> **What is required**
Below are the records; reproduce all of them exactly but without any images.

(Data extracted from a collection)
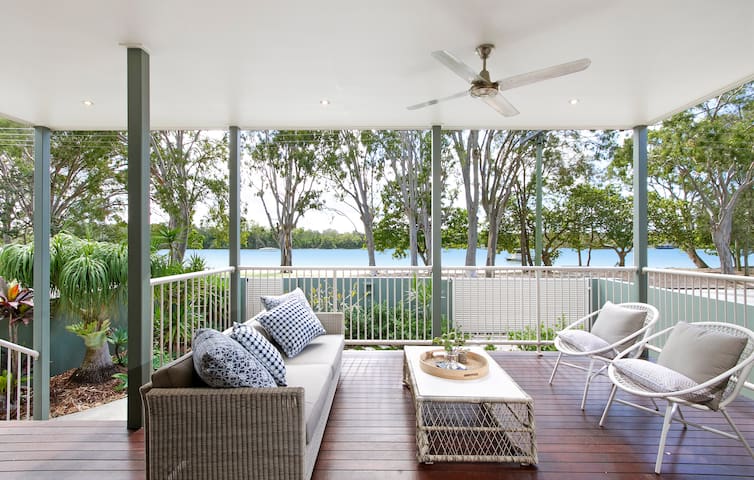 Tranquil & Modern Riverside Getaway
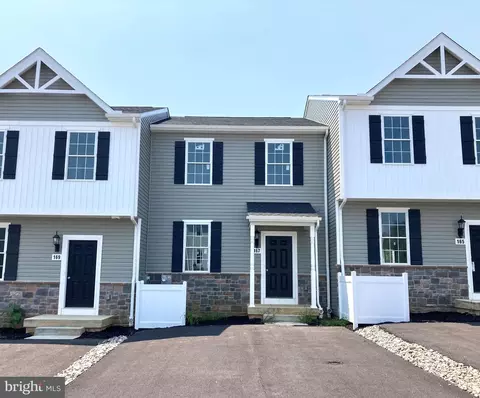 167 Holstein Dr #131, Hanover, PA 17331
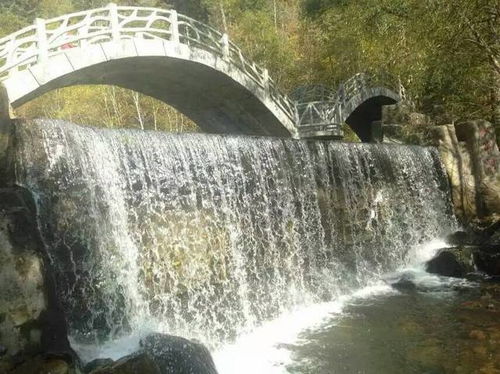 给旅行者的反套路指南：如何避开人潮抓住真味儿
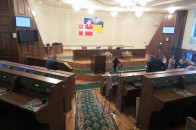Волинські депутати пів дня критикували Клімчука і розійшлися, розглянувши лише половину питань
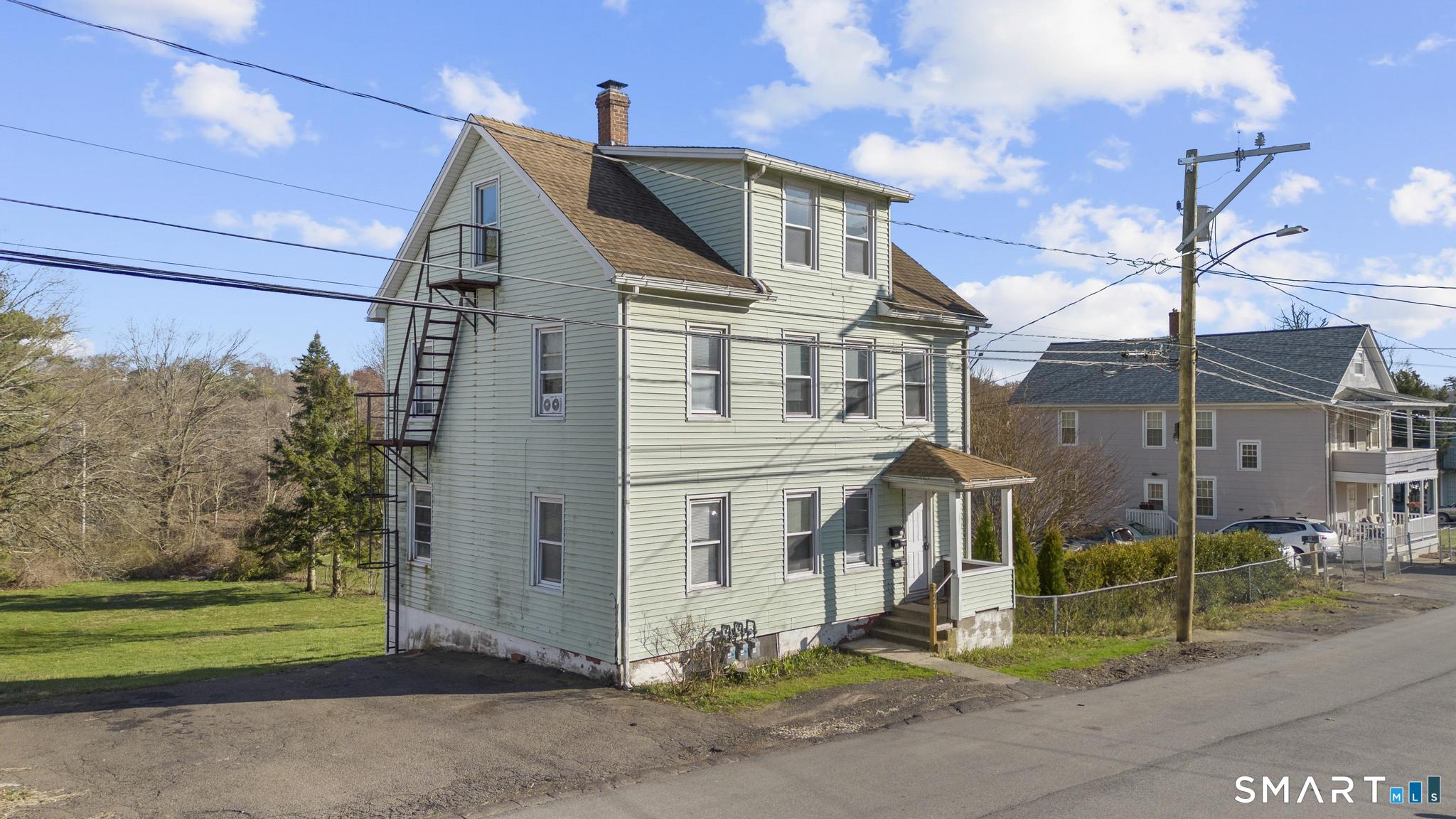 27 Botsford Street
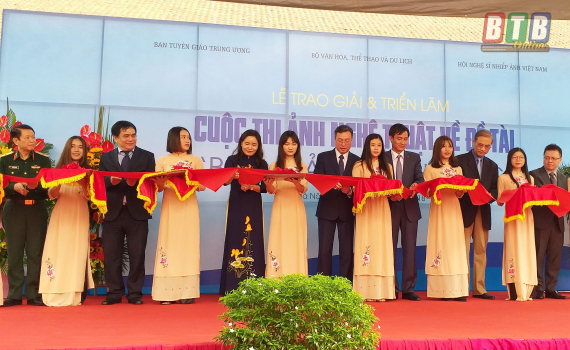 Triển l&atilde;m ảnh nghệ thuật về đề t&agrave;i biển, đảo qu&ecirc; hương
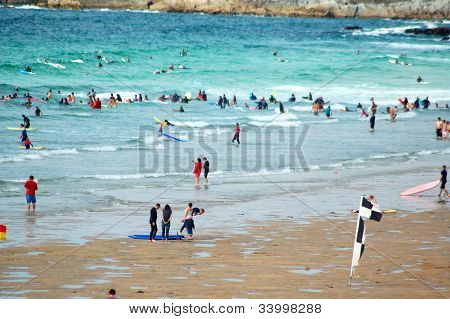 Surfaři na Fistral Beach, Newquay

> **Answer box**
 Tranquil & Modern Riverside Getaway
 167 Holstein Dr #131, Hanover, PA 17331
 给旅行者的反套路指南：如何避开人潮抓住真味儿
Волинські депутати пів дня критикували Клімчука і розійшлися, розглянувши лише половину питань
 27 Botsford Street
 Triển l&atilde;m ảnh nghệ thuật về đề t&agrave;i biển, đảo qu&ecirc; hương
 Surfaři na Fistral Beach, Newquay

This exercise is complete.